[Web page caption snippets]

....

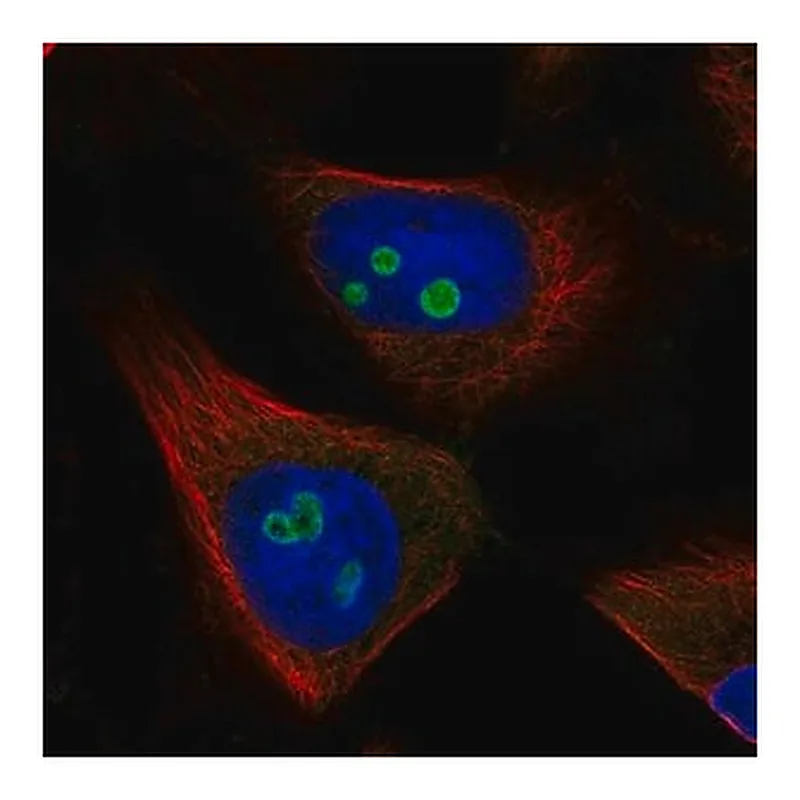 Merck Anti-RETSAT antibody produced in rabbit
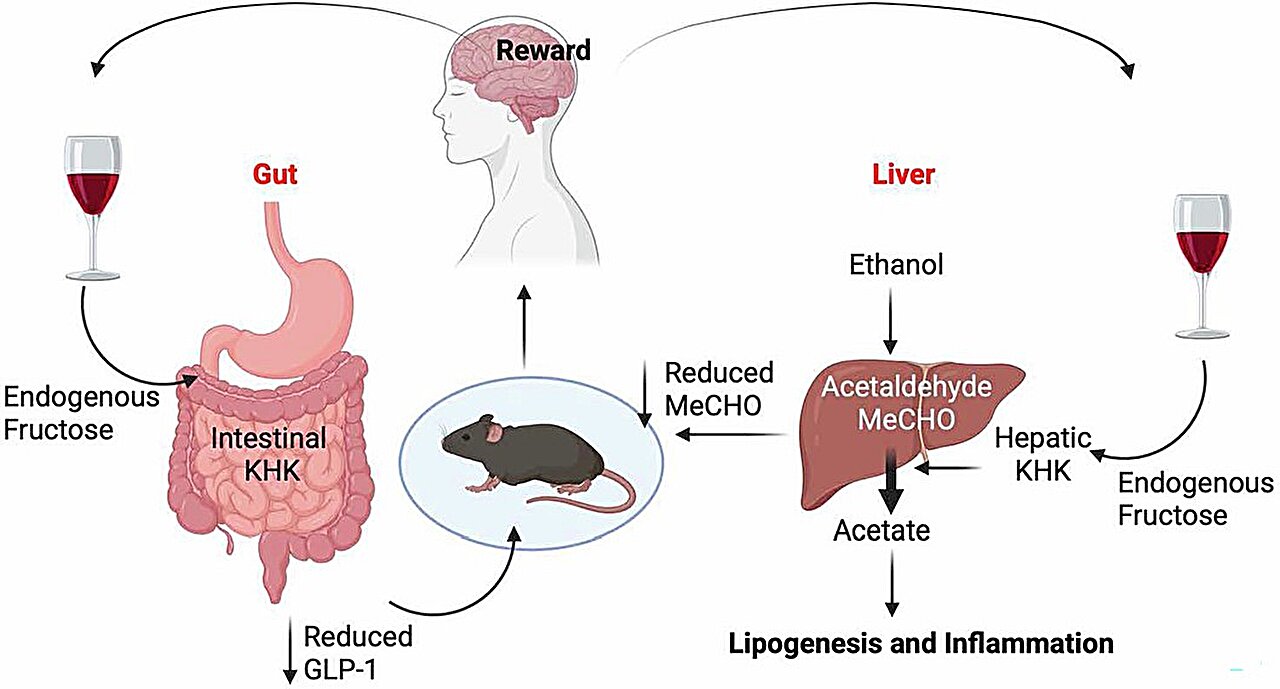 Une enzyme pourrait être à l’origine de la dépendance à l’alcool et des maladies du foie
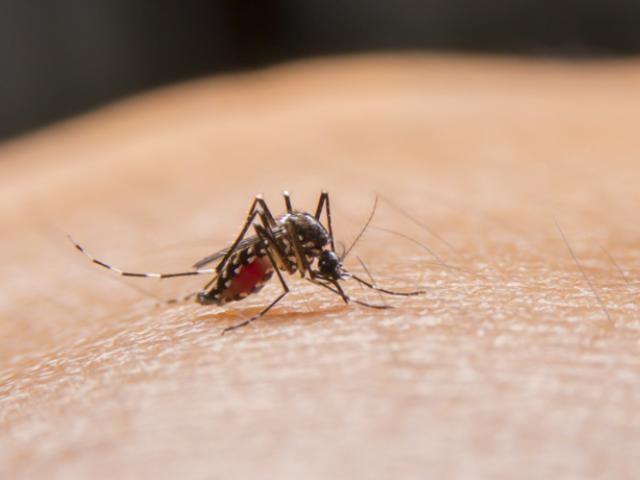 El mosquito Aedes está contagiando el virus del dengue. 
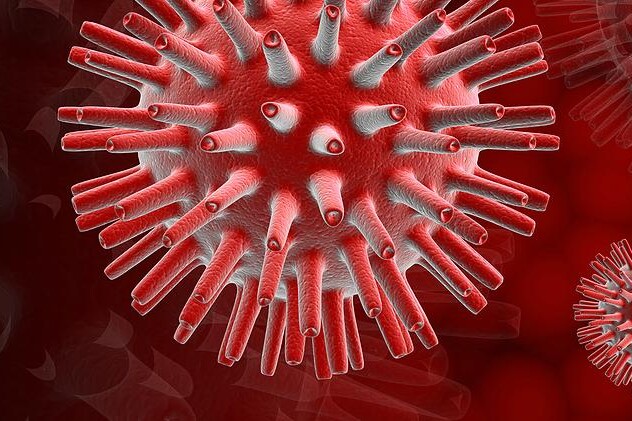 Herpes virus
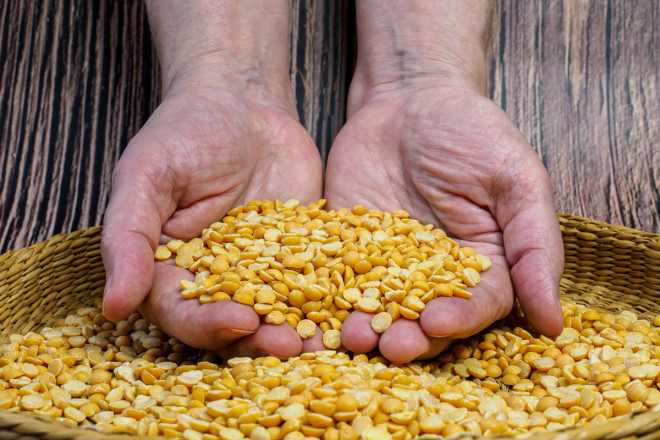 Gene Editing Produces Yellow Peas with Improved Aroma and Flavor- Crop Biotech Update (September 27. 2023) | Crop Biotech Update - ISAAA.org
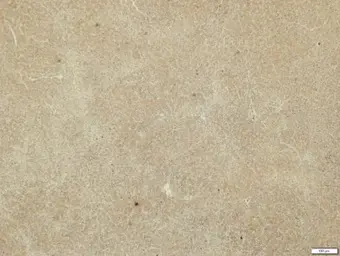 Anti-MMP19 antibody used in IHC (Paraffin sections) (IHC-P). GTX105217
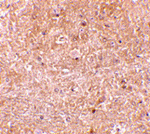 Caspase-13 Antibody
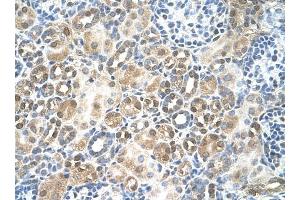 RFC5 antibody was used for immunohistochemistry at a concentration of 4-8 ug/ml to stain Epithelial cells of renal tubule (arrows) in Human Kidney. (RFC5 antibody)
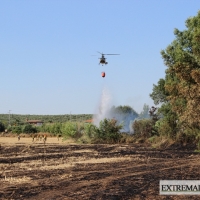 Imágenes del incendio cerca de Mérida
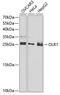 Oxidized Low Density Lipoprotein Receptor 1 antibody, A00760-4, Boster Biological Technology, Western Blot image 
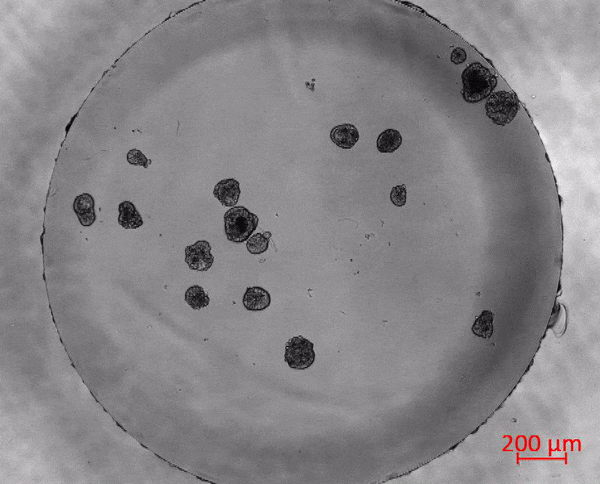 Robots Designed from Human Cells Can Move on Their Very own and Heal Wounds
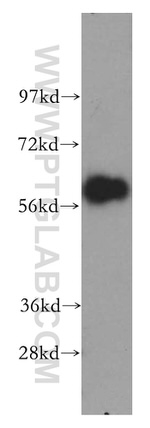 CREB5 Antibody in Western Blot (WB)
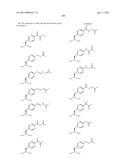 COMPOSITIONS CONTAINING, METHODS INVOLVING, AND USES OF NON-NATURAL AMINO     ACIDS AND POLYPEPTIDES diagram and image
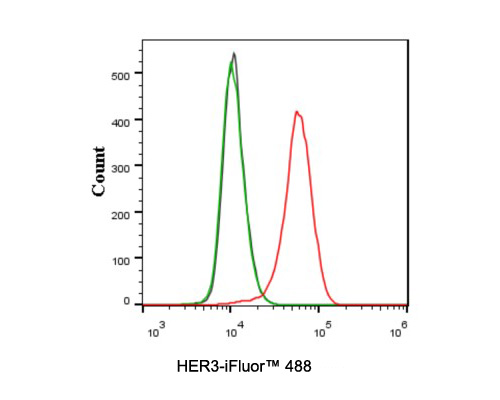 Flow cytometric analysis of MCF-7 cells labeling HER3.<br />
<br />
Cells were washed twice with cold PBS and resuspend. Then stained with the primary antibody (HA721135, 0.1ug/ml) (red) compared with Rabbit IgG Isotype Control (green). After incubation of the primary antibody at +4℃ for an hour, the cells were stained with a iFluor™ 488 conjugate-Goat anti-Rabbit IgG Secondary antibody (HA1121) at 1/1,000 dilution for 30 minutes at +4℃. Unlabelled sample was used as a control (cells without incubation with primary antibody; black).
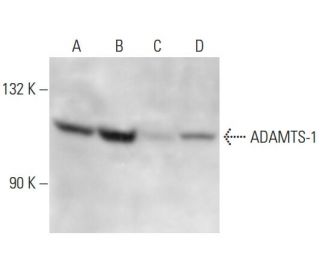 ADAMTS-1 Antibody (30D445.1) - Western Blotting - Image 15209Each CRISPR/Cas9 Knockout (KO) Plasmid product consists of a pool of 3 plasmids designed to ensure identification and cleavage of a specific gene for maximum knockout efficiency. Each plasmid encodes a unique 20 nt sequence derived from the GeCKO (v2) library.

....

What is needed is a word-for-word copy of the lines from the one containing "Robots Designed from" through the final line of the records above, both included, with the pictures left out.

- Problem solution:
 Robots Designed from Human Cells Can Move on Their Very own and Heal Wounds
 CREB5 Antibody in Western Blot (WB)
 COMPOSITIONS CONTAINING, METHODS INVOLVING, AND USES OF NON-NATURAL AMINO     ACIDS AND POLYPEPTIDES diagram and image
 Flow cytometric analysis of MCF-7 cells labeling HER3.<br />
<br />
Cells were washed twice with cold PBS and resuspend. Then stained with the primary antibody (HA721135, 0.1ug/ml) (red) compared with Rabbit IgG Isotype Control (green). After incubation of the primary antibody at +4℃ for an hour, the cells were stained with a iFluor™ 488 conjugate-Goat anti-Rabbit IgG Secondary antibody (HA1121) at 1/1,000 dilution for 30 minutes at +4℃. Unlabelled sample was used as a control (cells without incubation with primary antibody; black).
 ADAMTS-1 Antibody (30D445.1) - Western Blotting - Image 15209Each CRISPR/Cas9 Knockout (KO) Plasmid product consists of a pool of 3 plasmids designed to ensure identification and cleavage of a specific gene for maximum knockout efficiency. Each plasmid encodes a unique 20 nt sequence derived from the GeCKO (v2) library.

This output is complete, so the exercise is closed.